The excavation yielded many potsherds of different periods, several burials and two refuse heaps. Although the mound itself was not excavated, the finds in the provide knowledge about the settlement history of Tel Shor.

== History ==

=== Bronze and Iron Ages ===
The earliest artifacts were found close to the mound in a settlement layer with potsherds from the Early Bronze Age II. North of the site were few potsherds from the Middle and Late Bronze Ages. In one of the burials found in the site was a flask dated either to the Late Bronze Age or to the Early Iron Age. Late Bronze Age clay figurine from imported from Greece was found as well as a chalk Mace. Other potsherds show that the site was settled in the Iron Age II.

=== Persian period ===
Most of the burial tombs were dated to the Persian period. The tombs contained offerings such as jars, juglets and a small amphora. In three of the tombs, there was a rich assemblage of jewelry. Bronze earrings and bracelets, Iron rings. One jewel was made of an unidentified metal, possibly silver. Next to one of the deceased was a vessel decorated with a geometric pattern. Inside the vessel was a needle that was used to apply makeup. One tomb was found within a pit that was lined and covered with ashlar stones. Although no artifacts were found inside, its orientation was and dimensions are similar to those of the other Persian ones.
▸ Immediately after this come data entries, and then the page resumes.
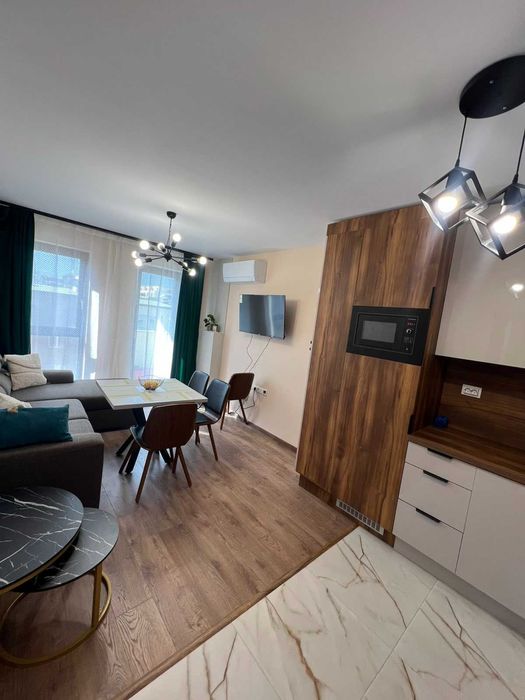 Двустаен имот в кв.Малинова долина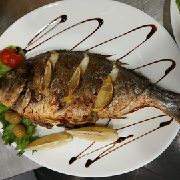 Baked sea bream with vegetables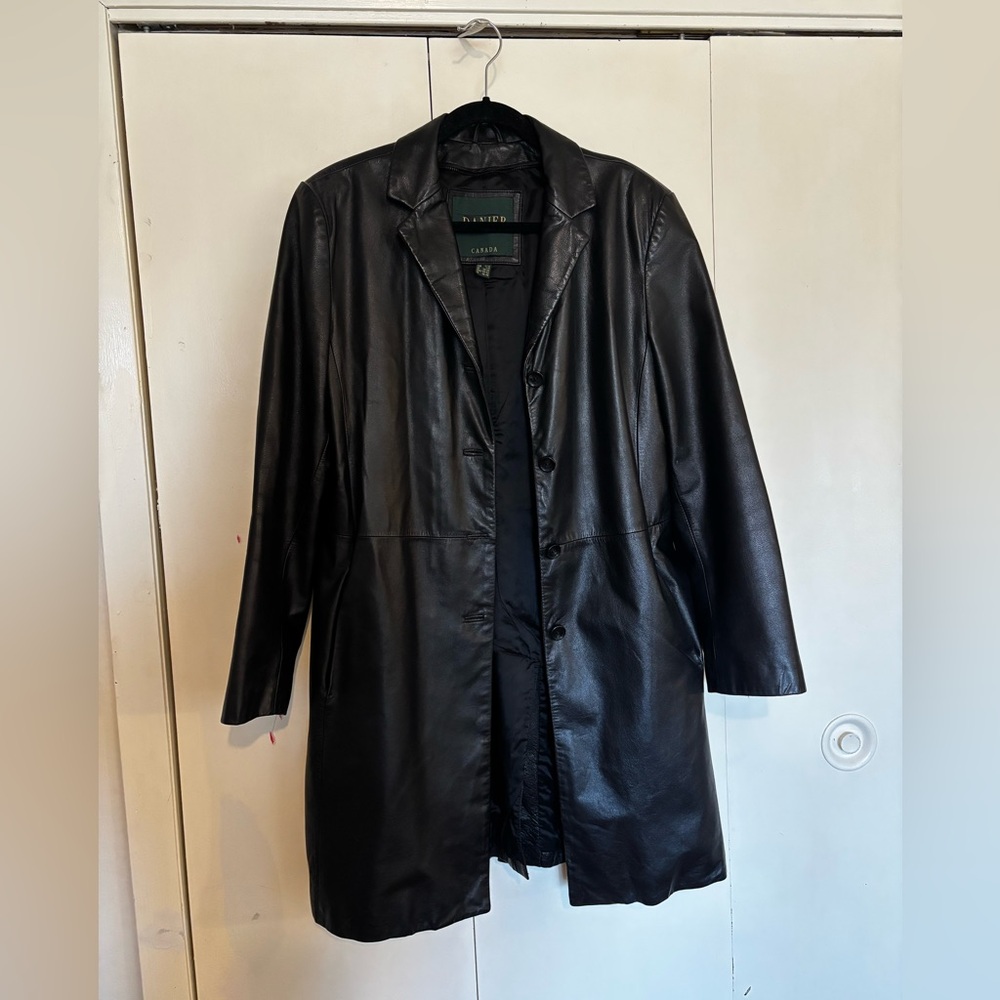 Gorgeous danier leather jacket size L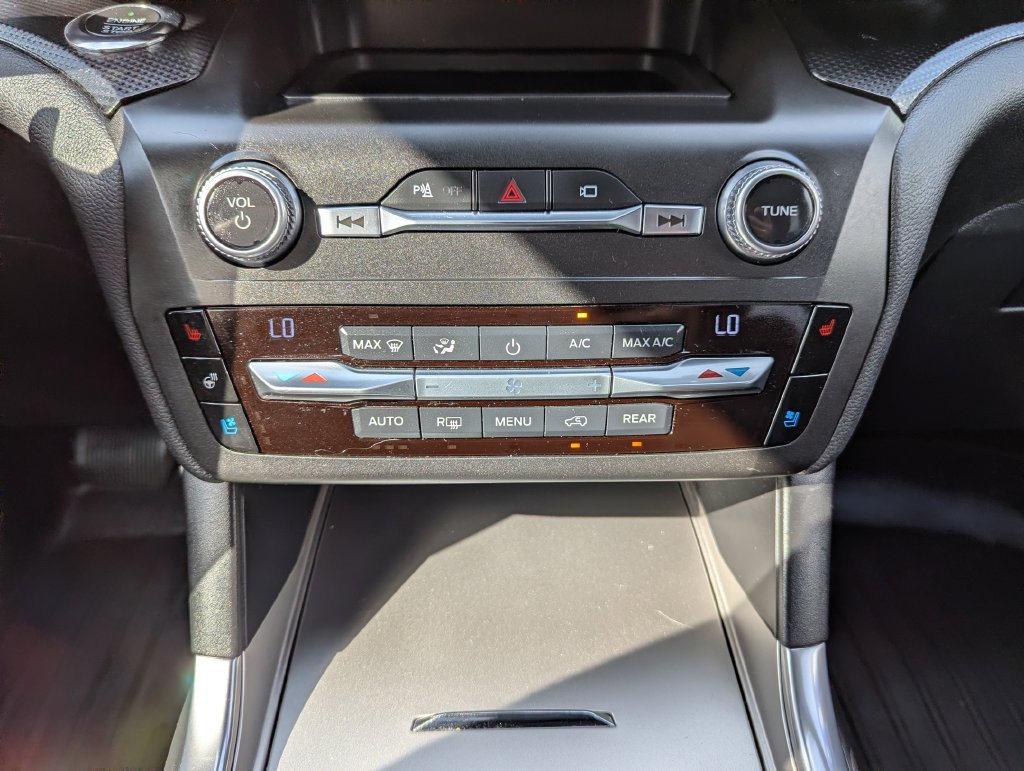 Used 2020 Ford Explorer ST AWD/4WD image 23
At some point, during this period the cemetery was no longer used and refuse was left there. A refuse heap contained locally made pottery including bowls, jars, lamps, and cooking pots, as well as imported vessels from Cyprus and Athens.

=== Hellenistic period ===
The area where the Persian tombs and the refuse heap were found continued to be a refuse site during the Hellenistic period. Another heap was found including local made vessels, as well as stamped amphorae from Kos and Rhodes.

=== Roman period ===
The tomb found in the pit from the Persian period was seemingly cleared in the Roman period and was reused as a burial tomb in the Roman period. An adult individual was interred there with glass and stone bottles as offerings. This and the mausoleum indicate this area was probably also used as a cemetery in the Roman period.

=== Ottoman and British periods ===
In the 19th century, the Palestine Exploration Fund visited the place and found small mudbrick hovels near the springs. During the Ottoman period, the site was known as "Tel Tora" or "Tel Thorah". It served as a Turkmen settlement and seasonal settlement for shepherds from the surrounding regions. A well was found nearby that was used until the British rule.